>>>

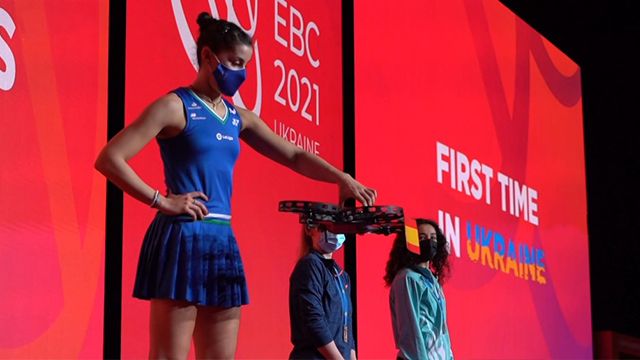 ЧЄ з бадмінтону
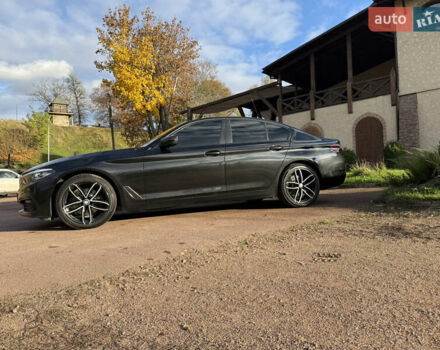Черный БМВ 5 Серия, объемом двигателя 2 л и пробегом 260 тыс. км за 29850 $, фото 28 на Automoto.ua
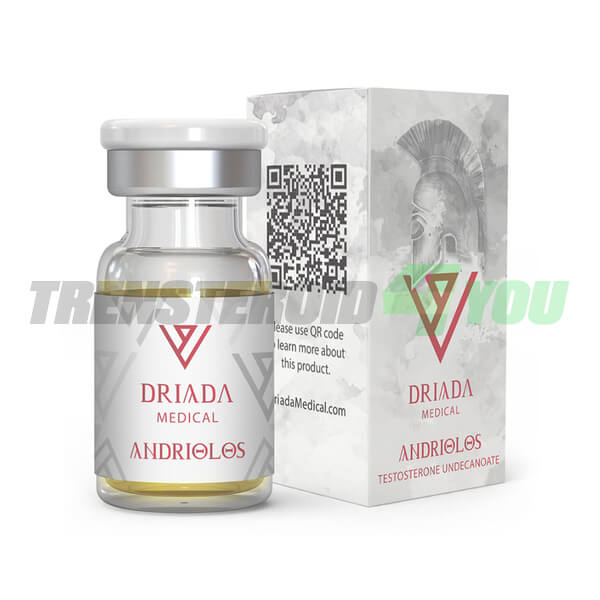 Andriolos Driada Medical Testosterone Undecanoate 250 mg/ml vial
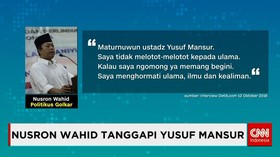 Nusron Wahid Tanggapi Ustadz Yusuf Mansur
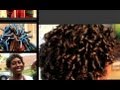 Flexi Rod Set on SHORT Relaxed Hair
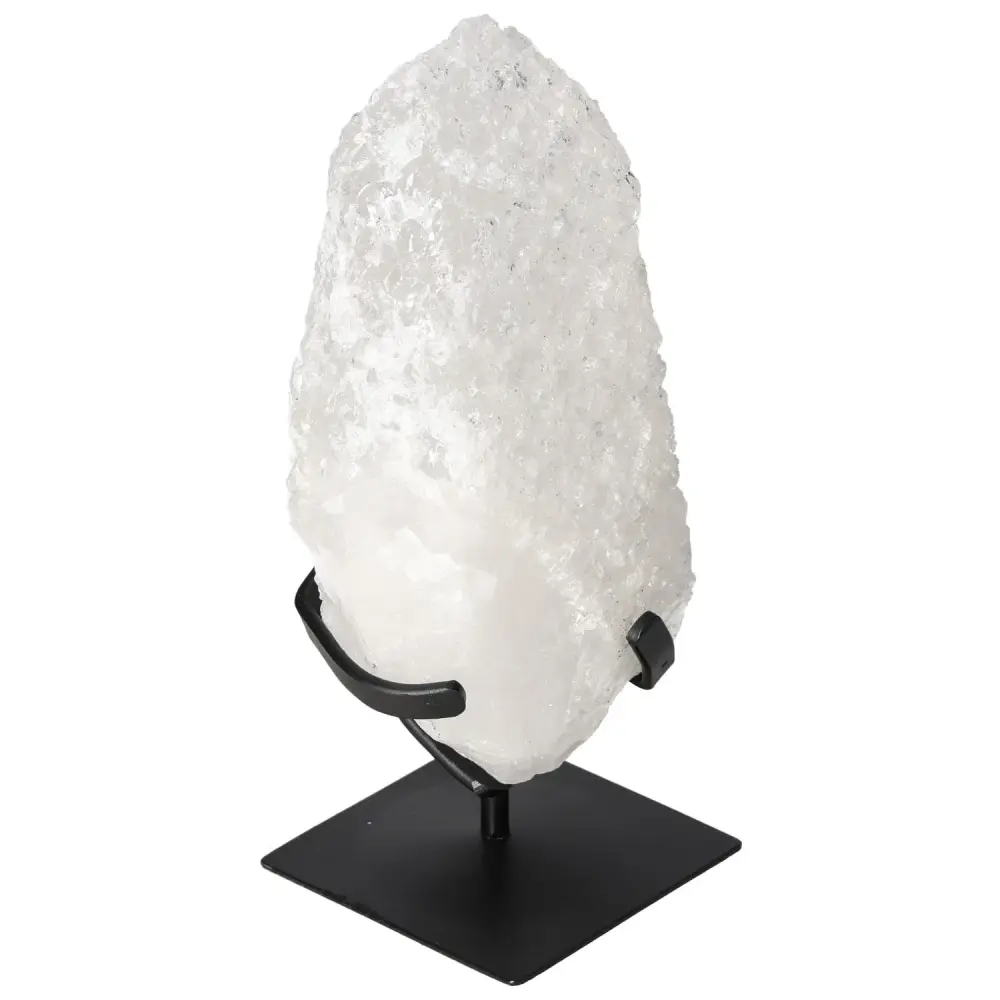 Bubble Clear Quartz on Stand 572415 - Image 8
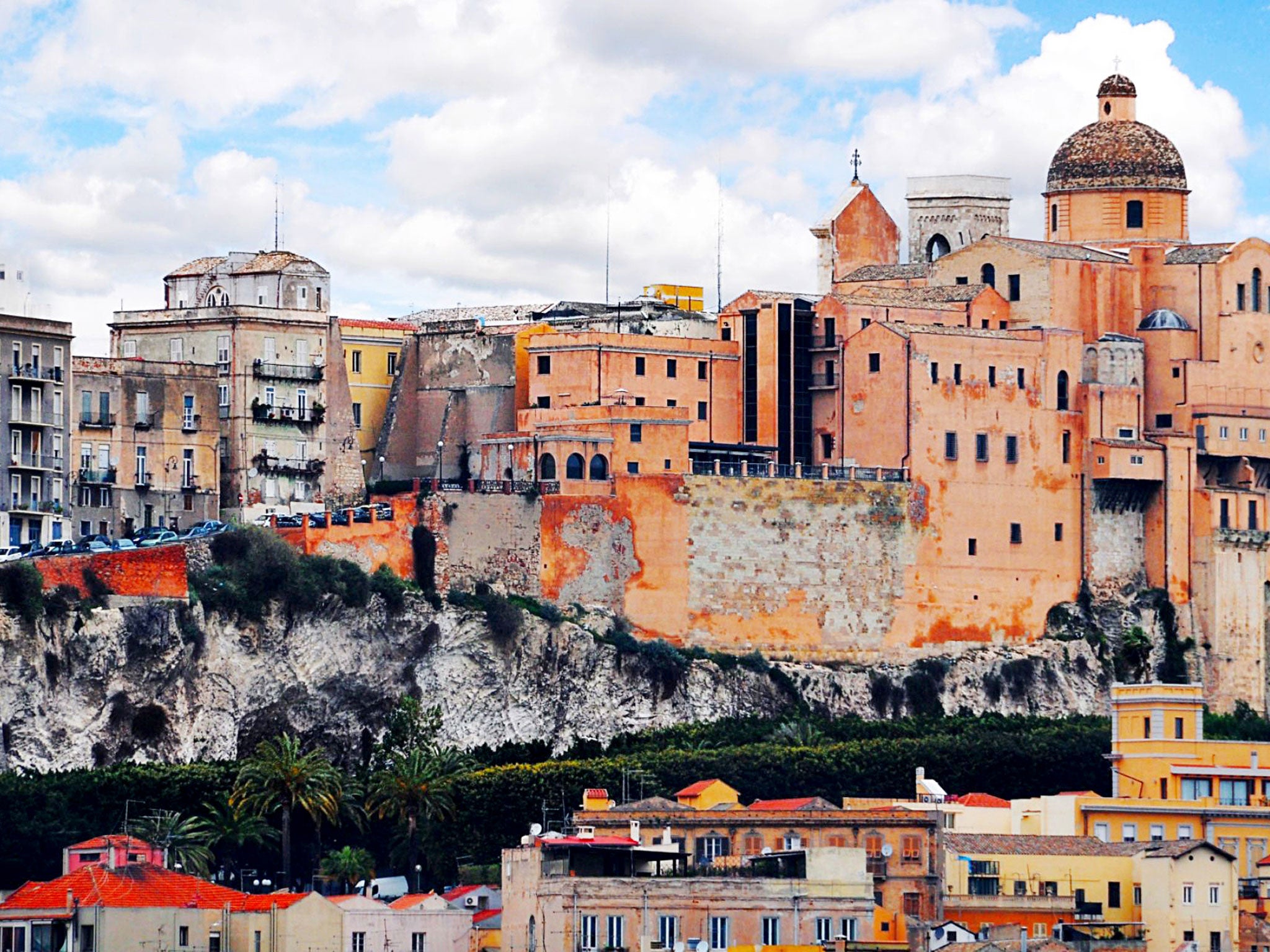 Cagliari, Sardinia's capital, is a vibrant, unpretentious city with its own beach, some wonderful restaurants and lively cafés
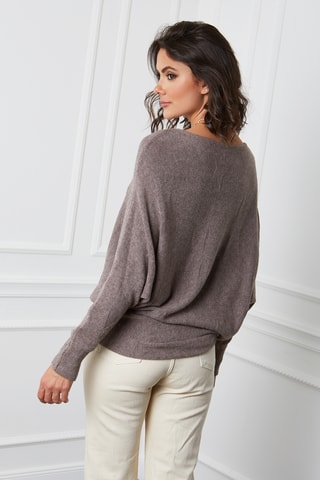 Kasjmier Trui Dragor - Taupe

<<<

→ **ASSIGNMENT**:
A word-for-word copy is needed of the lines from the line with "Cagliari, Sardinia's capital, is" through the last line of the entries above, with both ends kept and the pictures dropped.

→ **REPLY TO THE EXERCISE**:
 Cagliari, Sardinia's capital, is a vibrant, unpretentious city with its own beach, some wonderful restaurants and lively cafés
 Kasjmier Trui Dragor - Taupe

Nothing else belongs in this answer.